Hoje, o Fundeb mobiliza recursos da ordem de 2,2% do PIB. Desses, a União participa com a apenas 0,2% do PIB, isto é, concretamente, com menos de 10% do total. Por outro lado, a mesma União fica com cerca de 56% da carga tributária líquida. A proposta de Minuta de Substitutivo da Profa. Dorinha amplia a participação federal para cerca de 0,8% do PIB. Para ficar bem claro, o governo federal ainda entraria com uma parcela inferior à metade do aporte de estados e municípios. Portanto, é um avanço, embora ainda distante da justiça federativa que almejamos. De qualquer forma, entendo como fundamental o apoio ao texto pelo que ele representa em equalização federativa, possibilidade de valorização dos profissionais da educação e avanço rumo ao Custo Aluno Qualidade.

Ademais, segundo a maioria absoluta dos estudos sobre qualidade da educação, bons professores é que fazem a diferença. Ora, a mesma OCDE mostra que o Brasil é o país que pior paga seus docentes. Como melhorar a qualidade da educação básica com professores mal remunerados? Como atrair os alunos mais preparados do Ensino Médio para os cursos de formação de professores (licenciaturas) das universidades?

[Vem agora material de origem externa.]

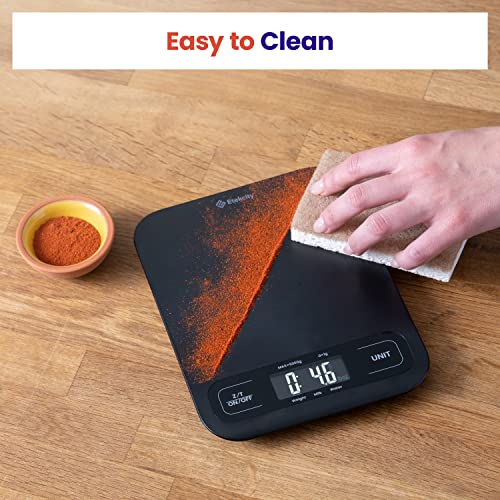 Etekcity Food Kitchen Scale, Digital Mechanical Weighing Scale,Grams and Ounces for Weight Loss, Baking, Cooking, Keto and Meal Prep, Large, Matte Black - color: Black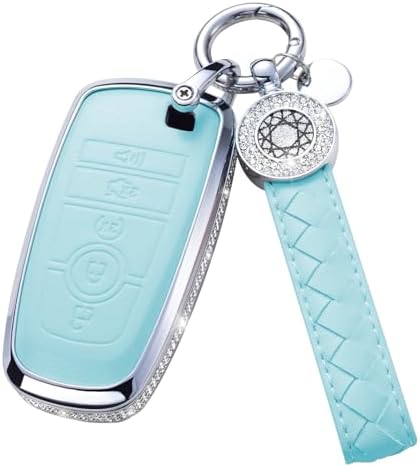 for Ford Key Fob Cover with Keychain by Unknown
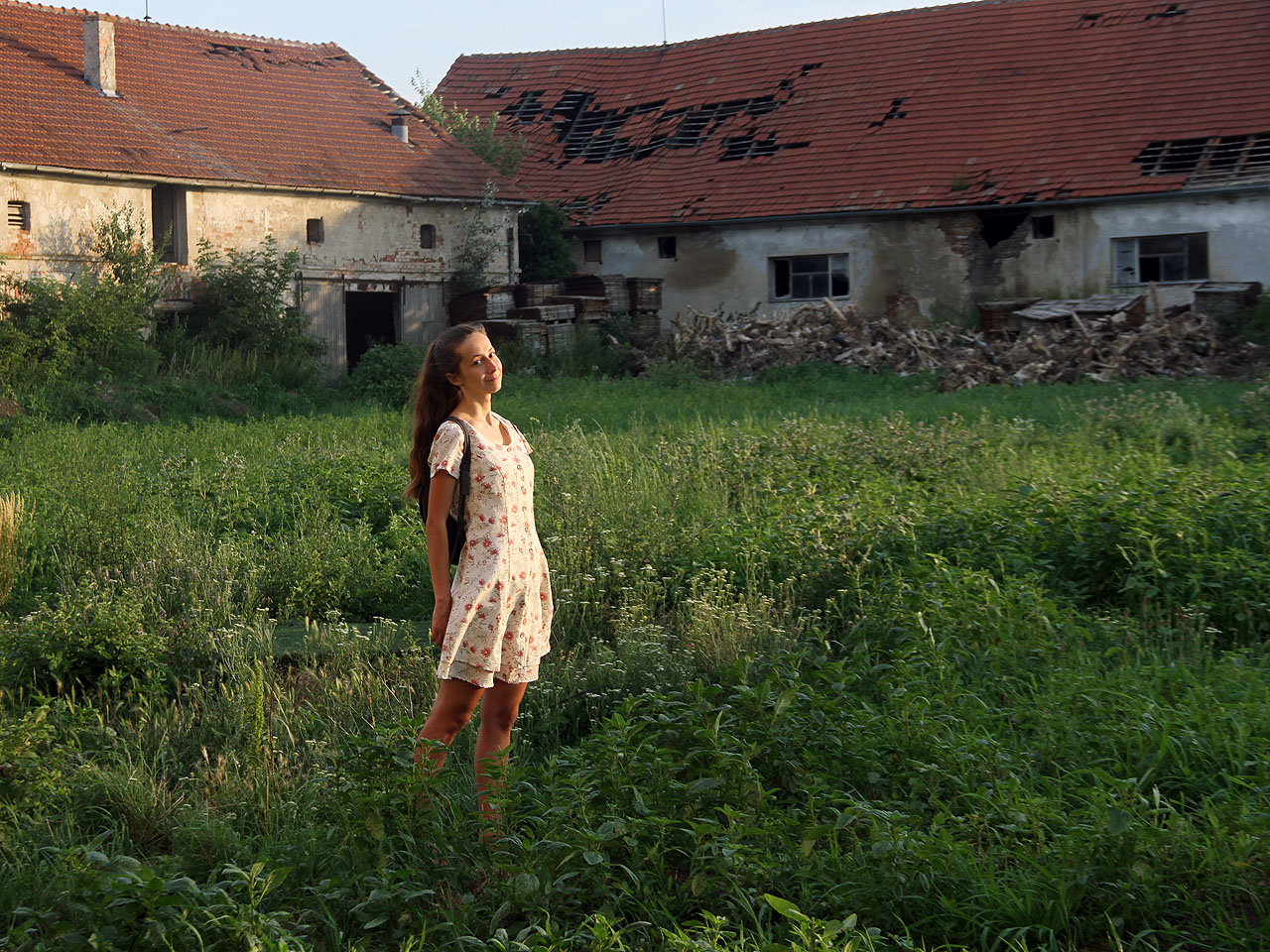 Doubravka se vyhřívá v paprscích červencového sluníčka. Blíží se čas odchodu.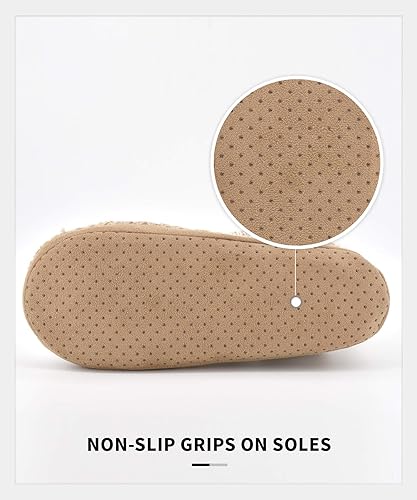 Miniatura 4 de Panda Bros Slipper Socks for Women With Grippers, Fuzzy Cozy Slipper Booties With Non Slip Bottoms, Cozy Warm House Slippers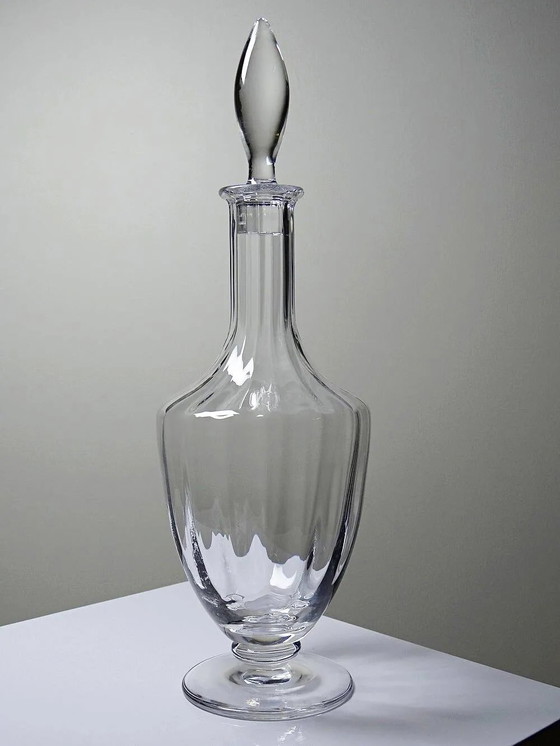 Large crystal decanter from Sèvres, vintage 1970s-1980s. – Glass & Decanter, Glass (photo 12 of 12)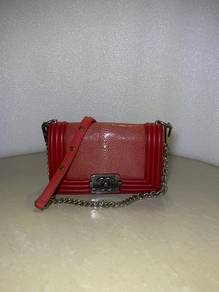 Chanel Stingray Leather Flap Bag
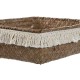 Игра на Кошници Home ESPRIT Естествено влакно Boho Износени 26 x 26 x 10 cm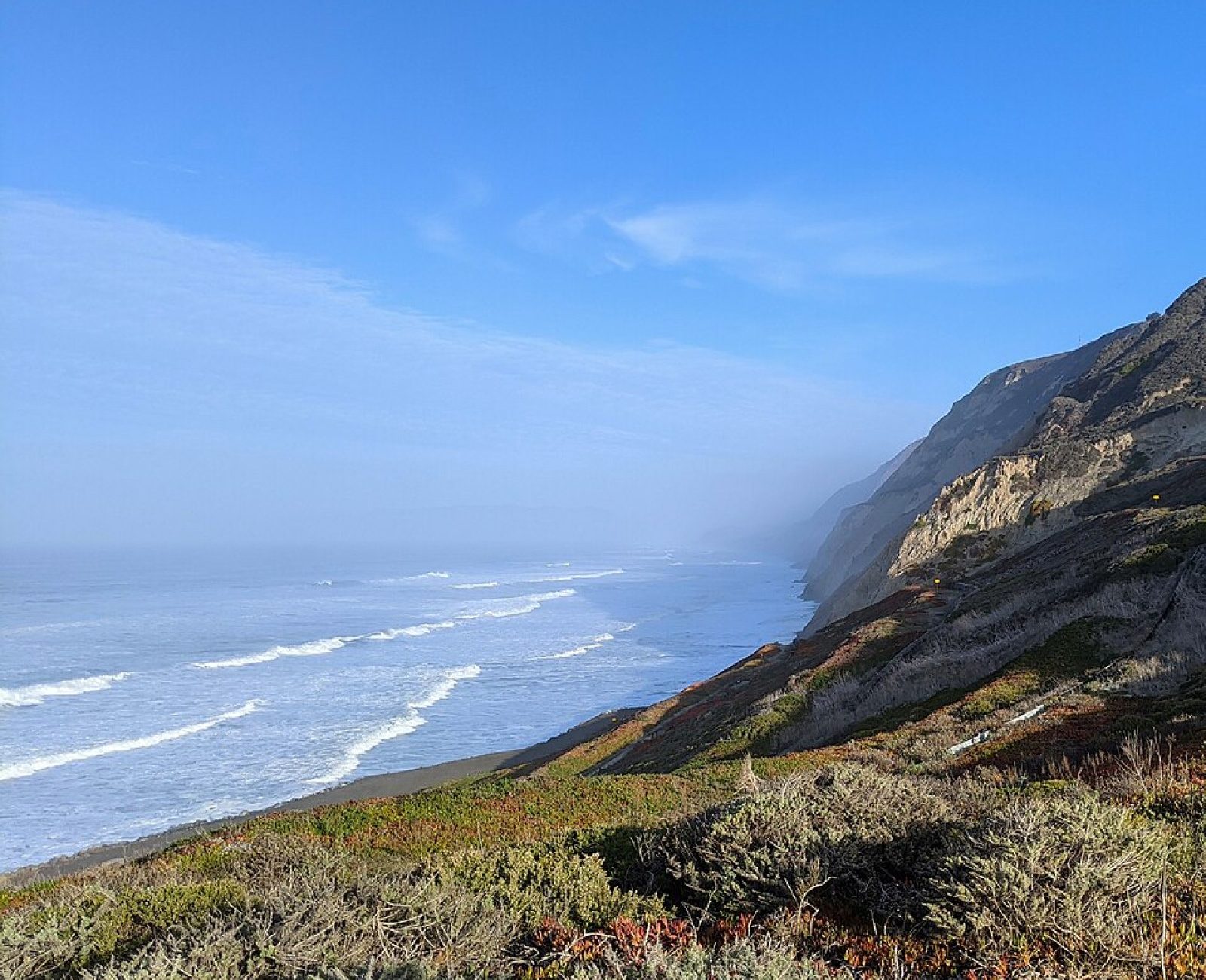 Sentinel Bluff, the last gap in the coastal trail corridor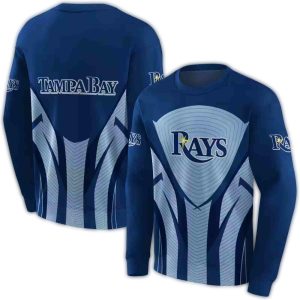 Tampa Bay Rays Concentric Lines All Over Print Sweatshirt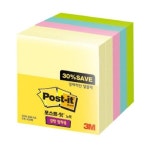3M 포스트 잇 SSN 알뜰팩 점착식 메모지 76 76 5개 450매 654-5A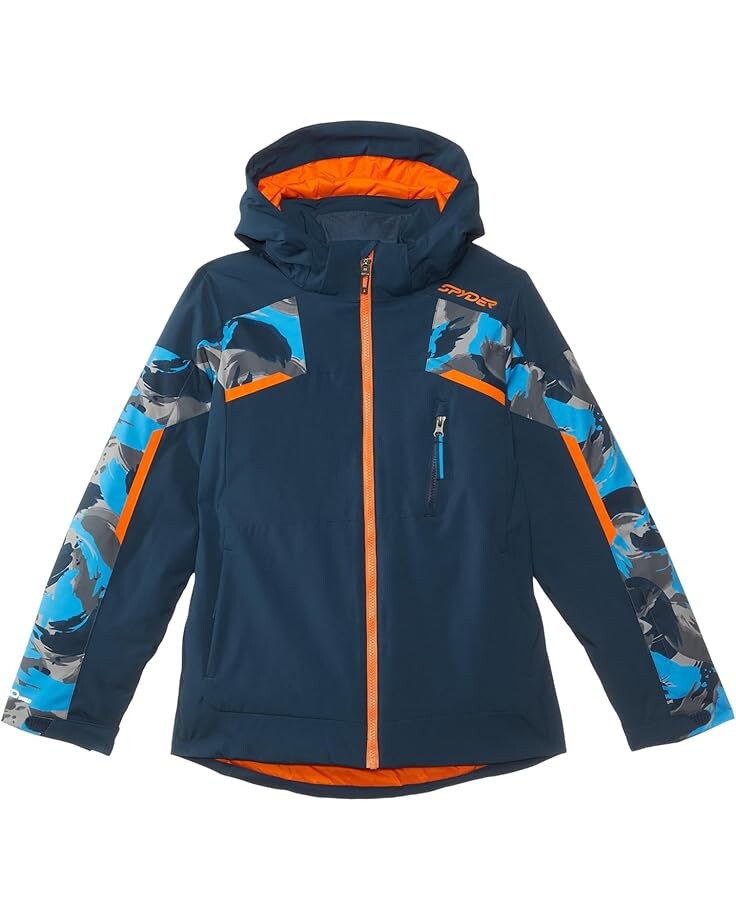 

Куртка Spyder Kids Leader Jacket, цвет Camo Aether Blue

Como fazer com que os licenciados mais bem preparados optem pela carreira docente e não, por exemplo, por um concurso de técnico do judiciário, que paga de duas a três vezes mais, com menos dor de cabeça – pois são muito melhores as condições de trabalho?

No projeto de orçamento enviado pelo Executivo ao Congresso Nacional a previsão de gastos com “juros e encargos da dívida pública” é de R$ 850 bilhões. Em outras palavras, a atual complementação da União ao Fundeb corresponde a apenas uma semana (7 dias) do valor pago pelo governo federal aos rentistas. A Minuta de Substitutivo propõe aumentar essa complementação para menos de um mês (28 dias) do gasto com juros e encargos que beneficiam as 100 mil famílias mais ricas do Brasil. O Fundeb beneficia 40 milhões de estudantes e o novo Fundeb pode beneficiar mais, incluindo aqueles que deveriam estar dentro das escolas, e não estão.

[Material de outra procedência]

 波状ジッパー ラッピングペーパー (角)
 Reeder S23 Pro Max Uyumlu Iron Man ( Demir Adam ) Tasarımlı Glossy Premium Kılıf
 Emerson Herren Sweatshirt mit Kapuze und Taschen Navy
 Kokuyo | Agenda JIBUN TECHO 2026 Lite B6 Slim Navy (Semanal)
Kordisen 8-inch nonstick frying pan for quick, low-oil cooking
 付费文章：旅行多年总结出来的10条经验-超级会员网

Priscila Cruz talvez chame isso de populismo; prefiro chamar de justiça social que é a forma mais eficiente de se utilizar os recursos públicos.

Todos aqueles que, de fato, defendem um Fundeb que equacione os grandes desafios da educação básica pública brasileira e atenda às metas quantitativas e qualitativas do Plano Nacional de Educação apoiam a Minuta da Profa. Dorinha. Todos aqueles que não se sujeitam aos interesses imediatistas do mercado e do capital financeiro apoiam a Minuta da Profa. Dorinha. Dão apoio consciente ao texto todos aqueles que, na melhor tradição de Anísio Teixeira, Paulo Freire, Florestan Fernandes e do Fórum Nacional em Defesa da Escola Pública, acreditam que é preciso tornar o Fundeb um fundo permanente, capaz de viabilizar uma educação básica pública de qualidade a todos os brasileiros. Porque educação é um direito e não um privilégio.